Tsvi Benson-Tilsen, a MIRI associate and UC Berkeley PhD candidate, has written a paper with contributions from MIRI Executive Director Nate Soares on strategies that will tend to be useful for most possible ends: “Formalizing convergent instrumental goals.” The paper will be presented as a poster at the AAAI-16 AI, Ethics and Society workshop.
Steve Omohundro has argued that AI agents with almost any goal will converge upon a set of “basic drives,” such as resource acquisition, that tend to increase agents’ general influence and freedom of action. This idea, which Nick Bostrom calls the instrumental convergence thesis, has important implications for future progress in AI. It suggests that highly capable decision-making systems may pose critical risks even if they are not programmed with any antisocial goals. Merely by being indifferent to human operators’ goals, such systems can have incentives to manipulate, exploit, or compete with operators.

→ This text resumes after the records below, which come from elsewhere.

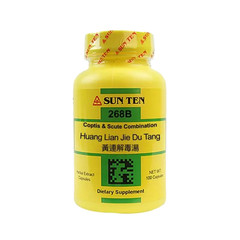 Sun Ten – Coptis & Scute Combination, Capsules / Huang Lian Jie Du Tang / 黃連解毒湯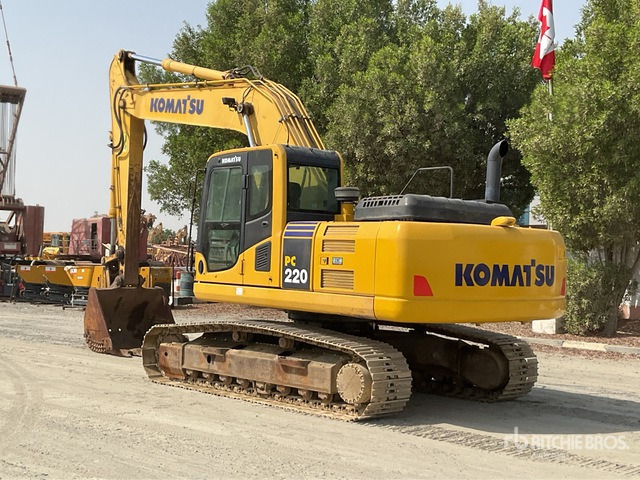 2020 Komatsu PC220-8M0 Tracked Excavator - Escavadora de rastos: foto 4 2020 Komatsu PC220-8M0 Tracked Excavator - Escavadora de rastos: foto 4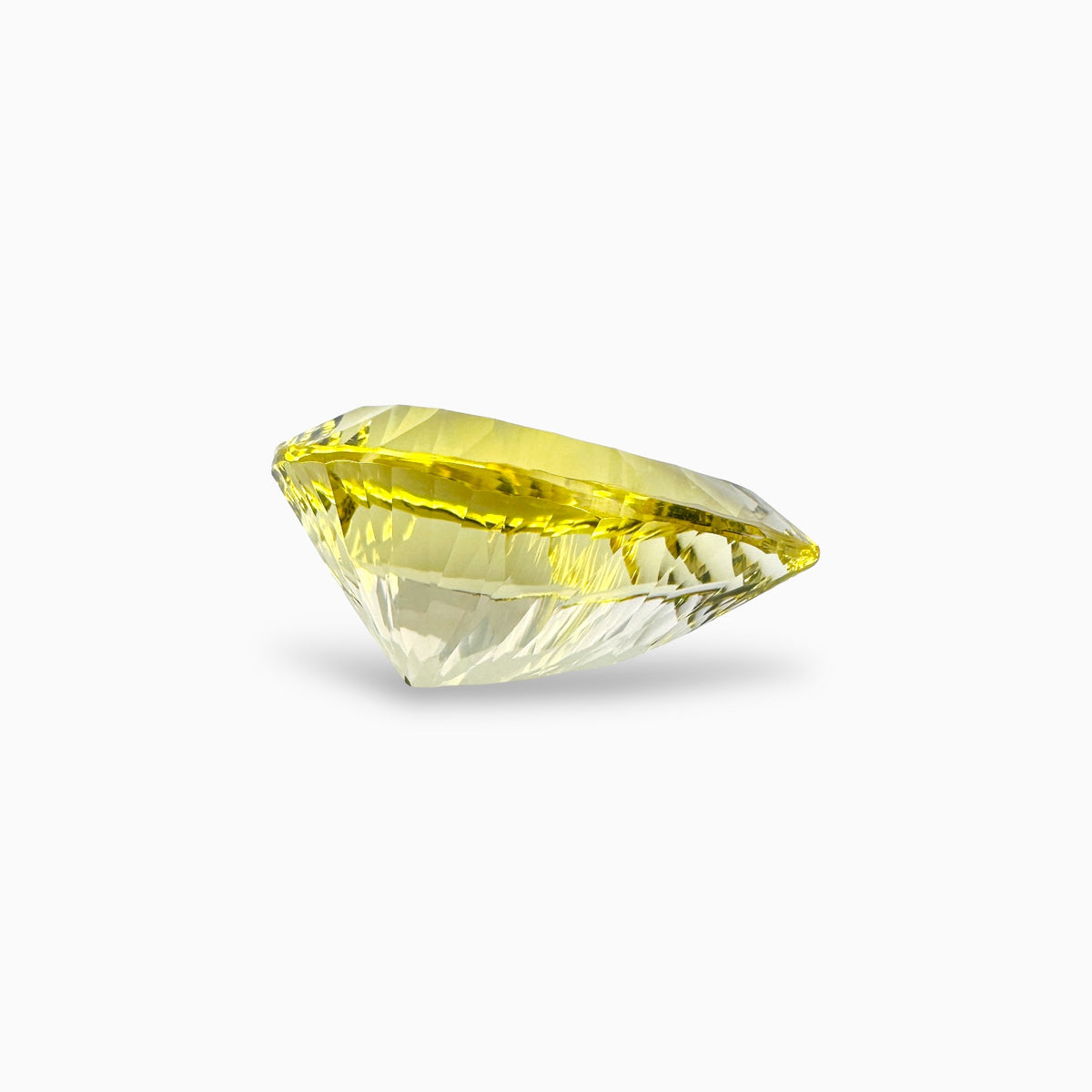 Natural Lemon Topaz Pear Fancy Lazer Cut 29.23 Carats (28x18 mm)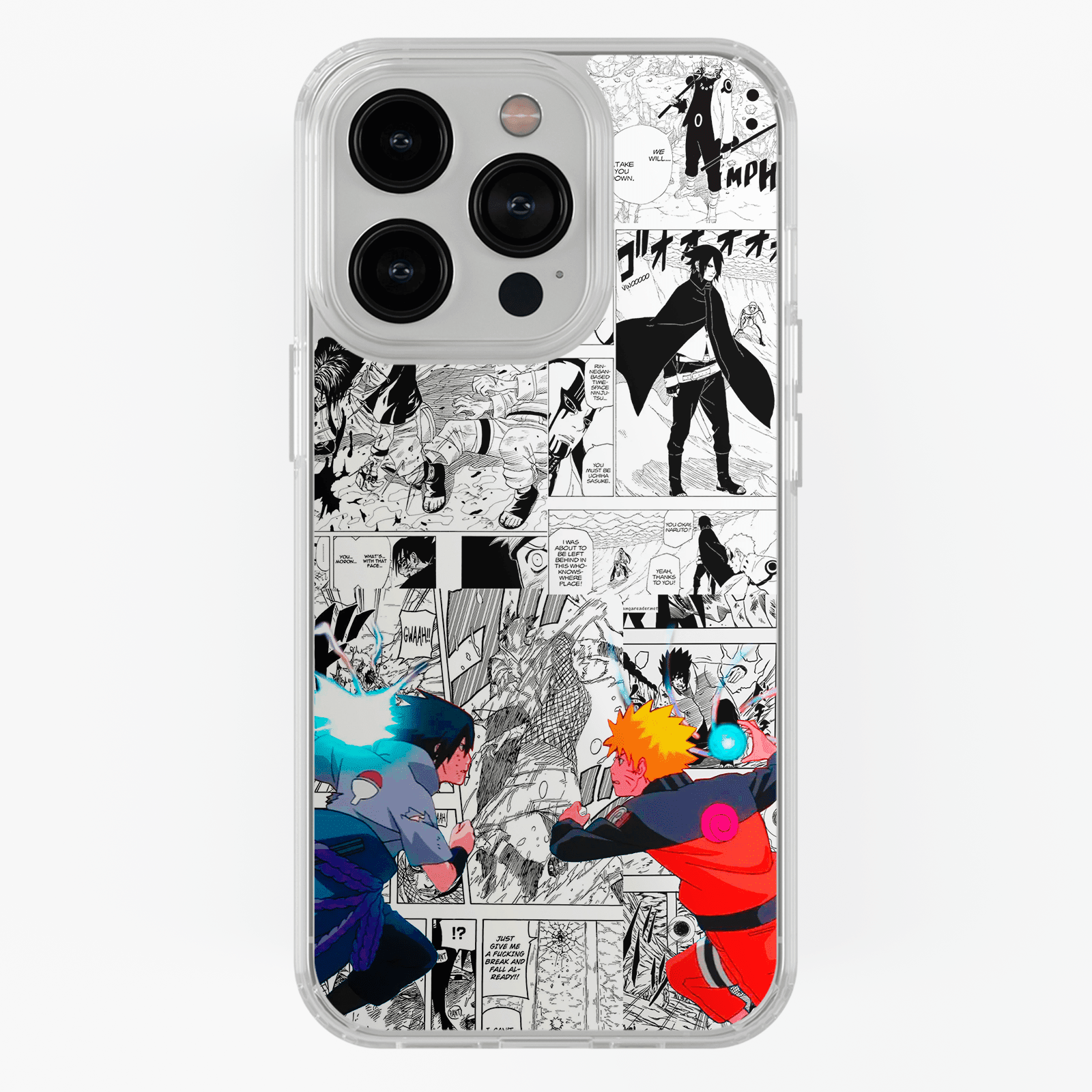 Funda Sasuke x Naruto - D1 (Naruto) - Kiracases by Pulso creativo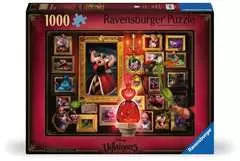 Puzzle 1000 p - La Reine de cœur (Collection Disney Villainous) - Image 1 - Cliquer pour agrandir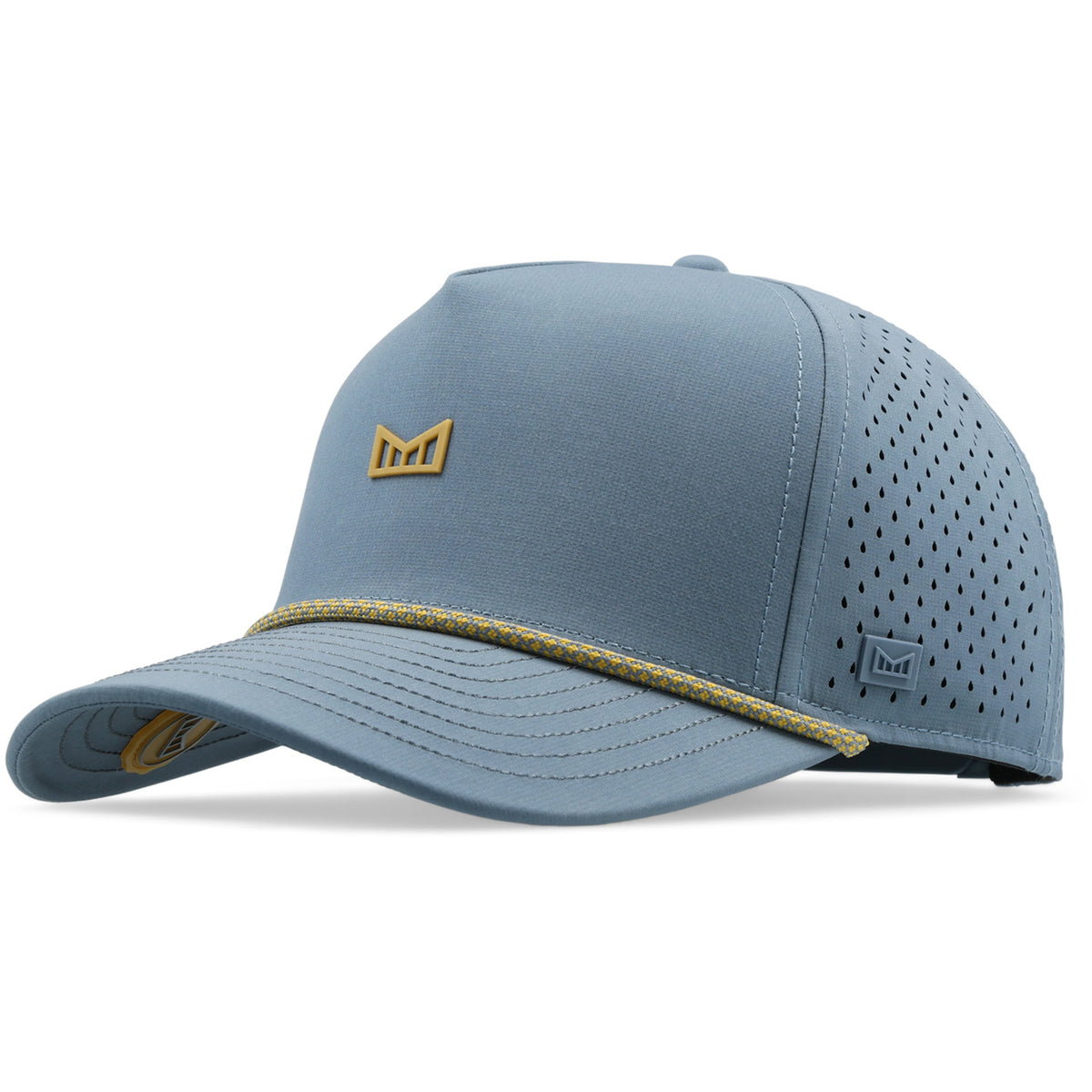 Melin Hydro Odysea Rope Gum Hat Blue Stone Gum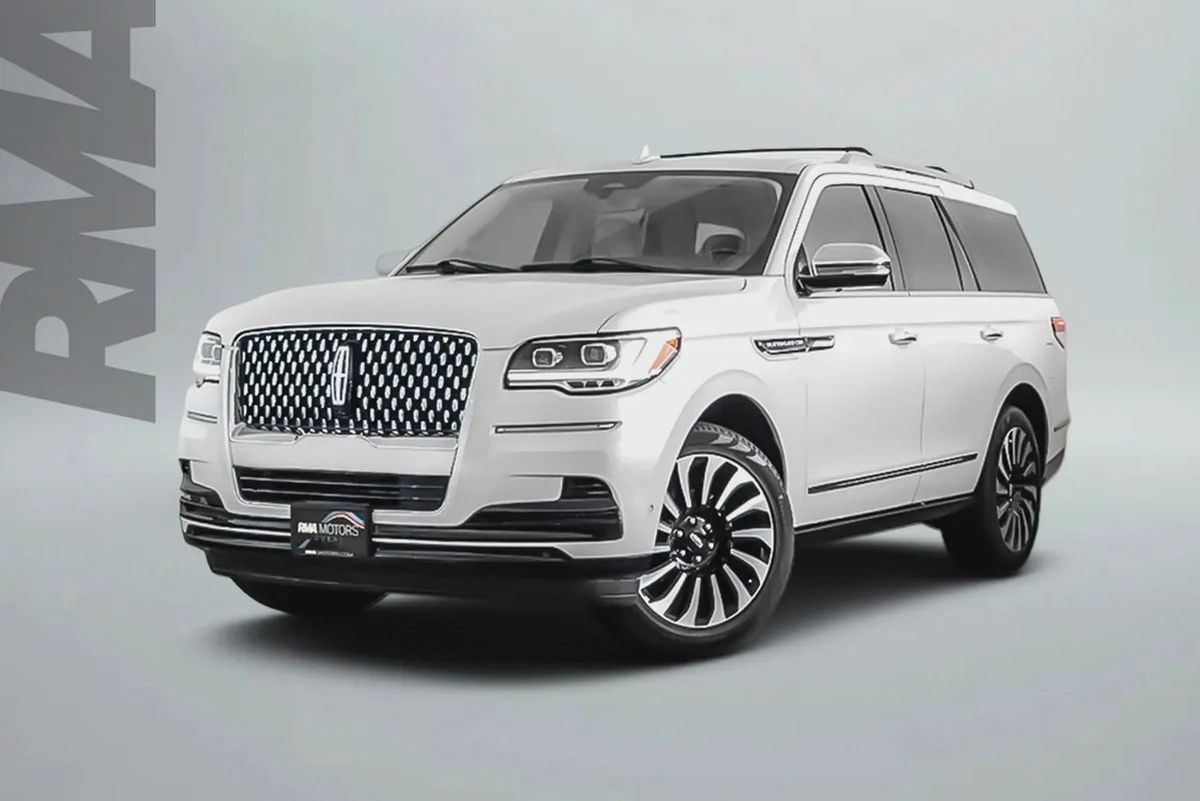 AED 5,013 / 60 months | 0% DP | 2023 Lincoln Navigator Presidential / Full Service History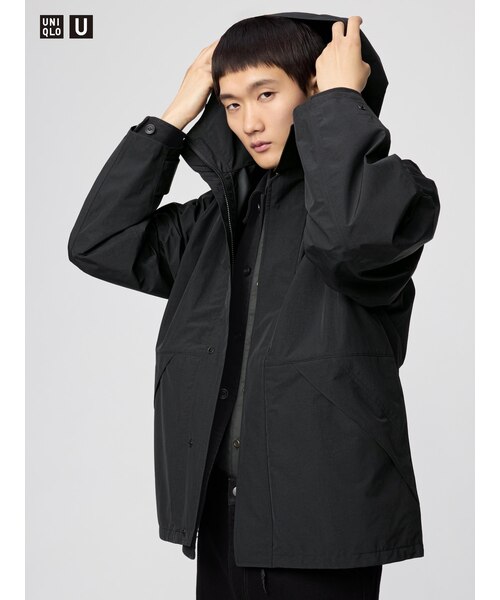 ブロックテックユーティリティパーカ｜ユニクロの通販｜&mall（アンド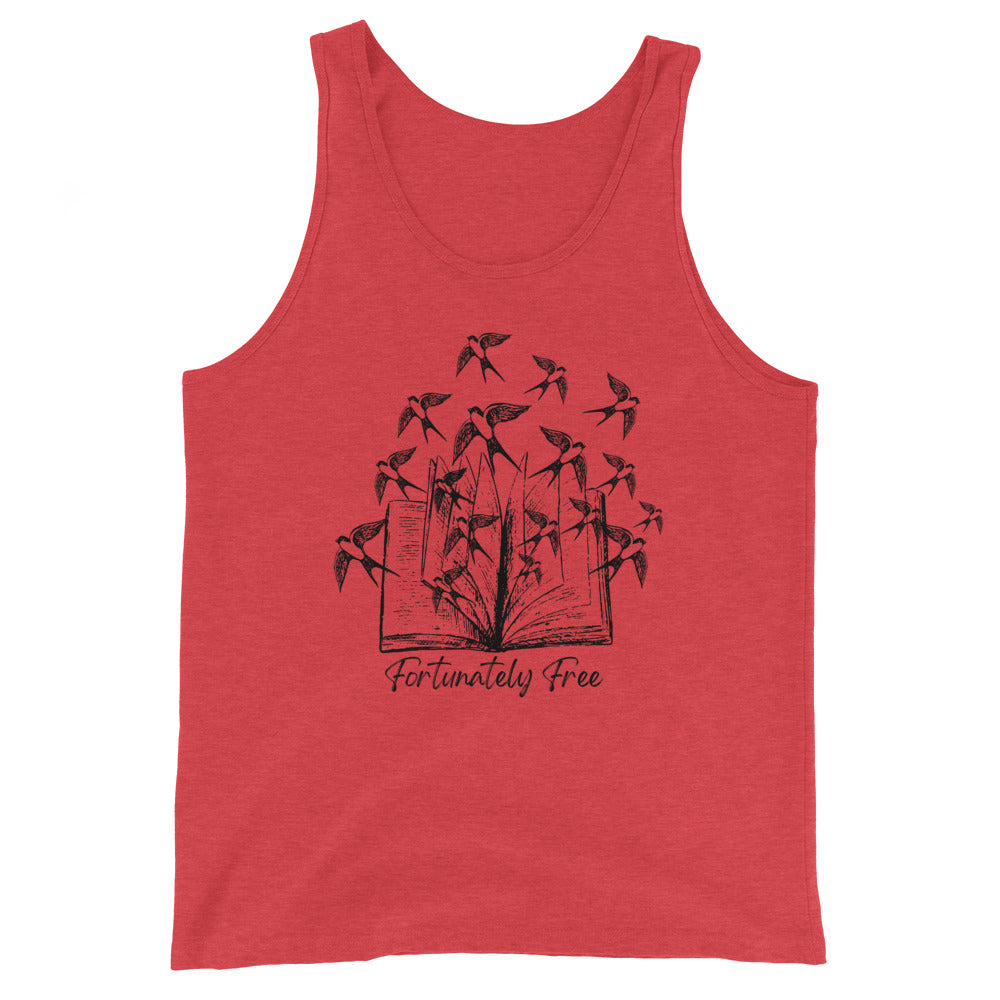 MENS KNOWLEDGE IS FREEDOM TANK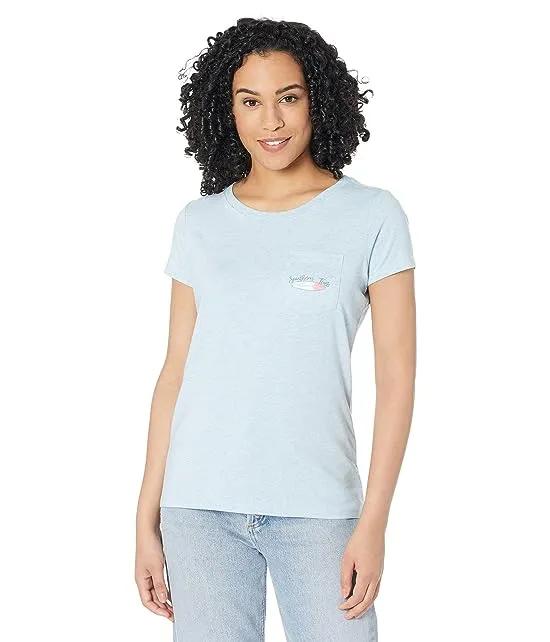 Short Sleeve Starfish Surf Shop Fitted Tee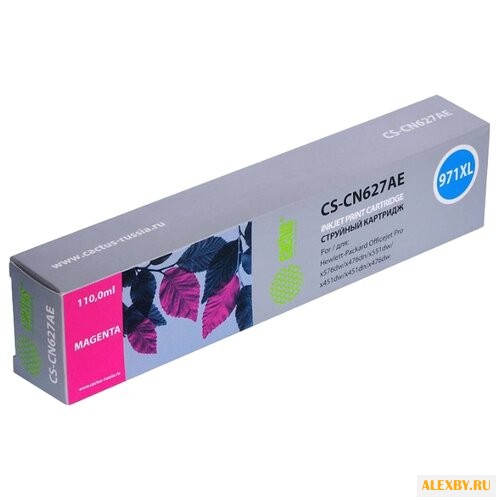 Картридж cactus CS-CN627AE 971XL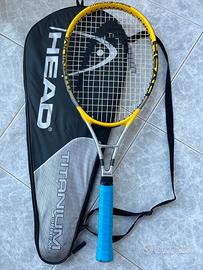 racchetta da tennis Head TITANIUM supreme TI Fire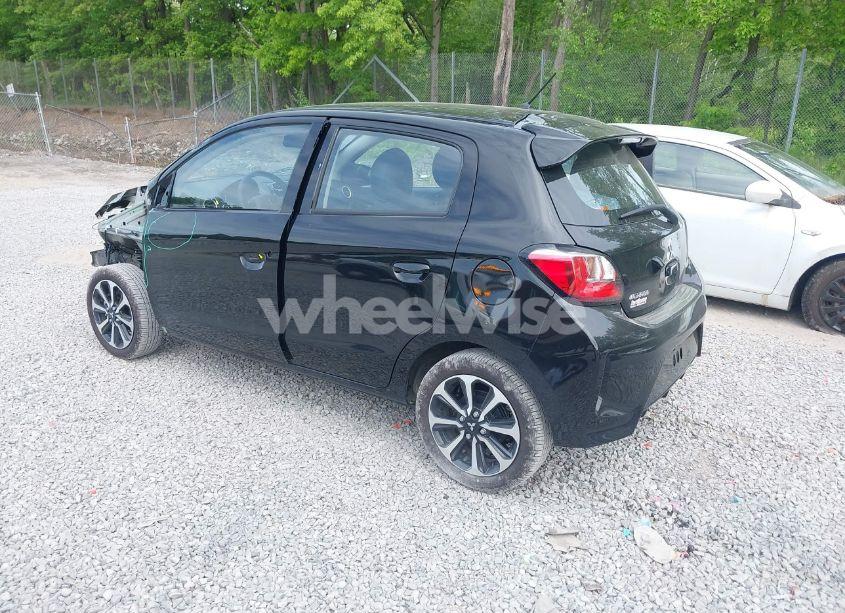 Photo 3 of 2024 Mitsubishi Mirage BLACK EDITION/RALLIART/SE (VIN ML32AWHJ8RH014218)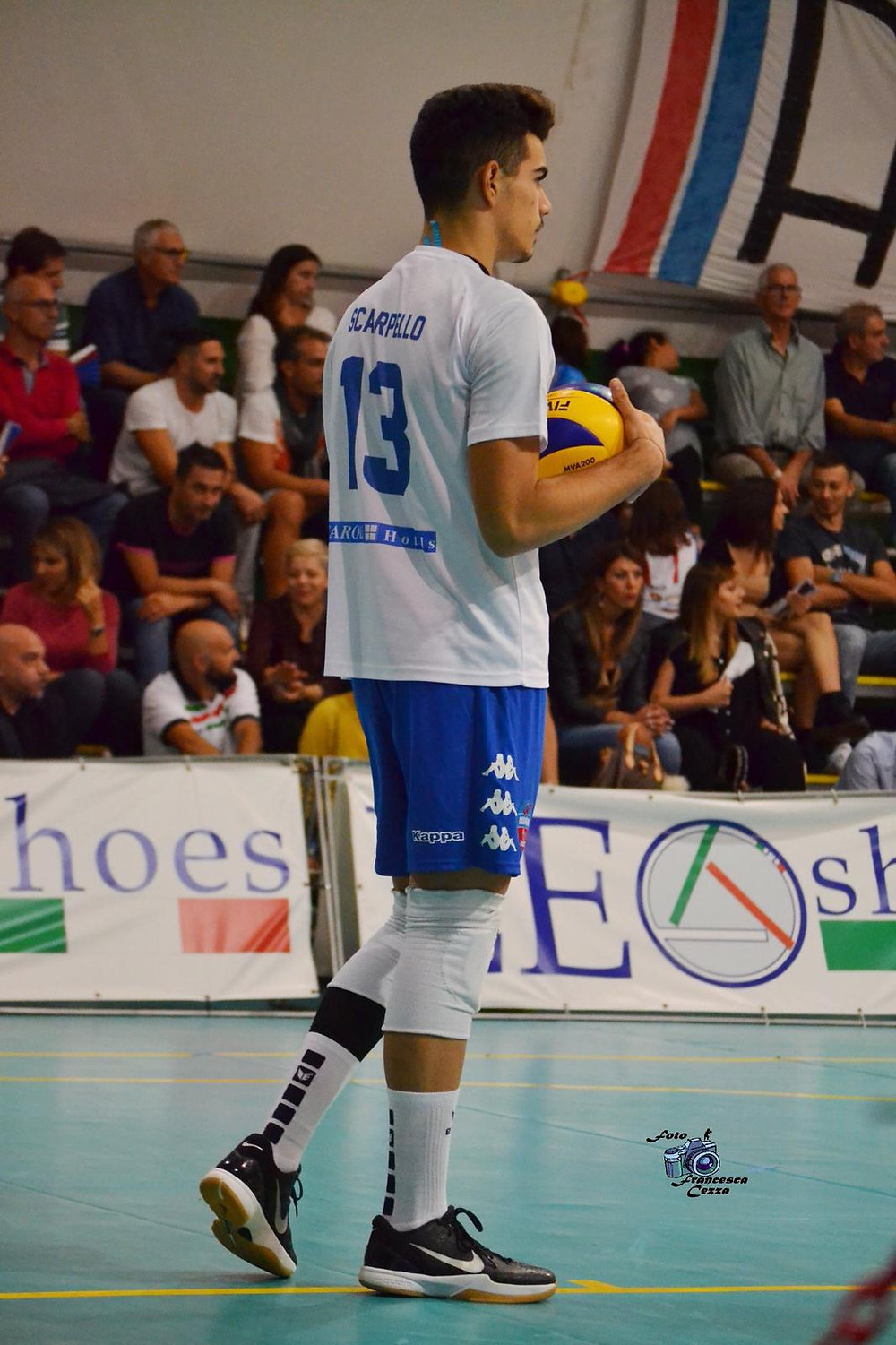 Damiano Scarpello Leo Shoes Casarano Volley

The new paper serves to add precision to Omohundro and Bostrom’s arguments, while testing the arguments’ applicability in simple settings. Benson-Tilsen and Soares write:
In this paper, we will argue that under a very general set of assumptions, intelligent rational agents will tend to seize all available resources. We do this using a model, described in section 4, that considers an agent taking a sequence of actions which require and potentially produce resources. The theorems proved in section 4 are not mathematically difficult, and for those who find Omohundro’s arguments intuitively obvious, our theorems, too, will seem trivial. This model is not intended to be surprising; rather, the goal is to give a formal notion of “instrumentally convergent goals,” and to demonstrate that this notion captures relevant aspects of Omohundro’s intuitions.
Our model predicts that intelligent rational agents will engage in trade and cooperation, but only so long as the gains from trading and cooperating are higher than the gains available to the agent by taking those resources by force or other means. This model further predicts that agents will not in fact “leave humans alone” unless their utility function places intrinsic utility on the state of human-occupied regions: absent such a utility function, this model shows that powerful agents will have incentives to reshape the space that humans occupy.
Benson-Tilsen and Soares define a universe divided into regions that may change in different ways depending on an agent’s actions. The agent wants to make certain regions enter certain states, and may collect resources from regions to that end. This model can illustrate the idea that highly capable agents nearly always attempt to extract resources from regions they are indifferent to, provided the usefulness of the resources outweighs the extraction cost.
The relevant models are simple, and make few assumptions about the particular architecture of advanced AI systems. This makes it possible to draw some general conclusions about useful lines of safety research even if we’re largely in the dark about how or when highly advanced decision-making systems will be developed. The most obvious way to avoid harmful goals is to incorporate human values into AI systems’ utility functions, a project outlined in “The value learning problem.” Alternatively (or as a supplementary measure), we can attempt to specify highly capable agents that violate Benson-Tilsen and Soares’ assumptions, avoiding dangerous behavior in spite of lacking correct goals. This approach is explored in the paper “Corrigibility.”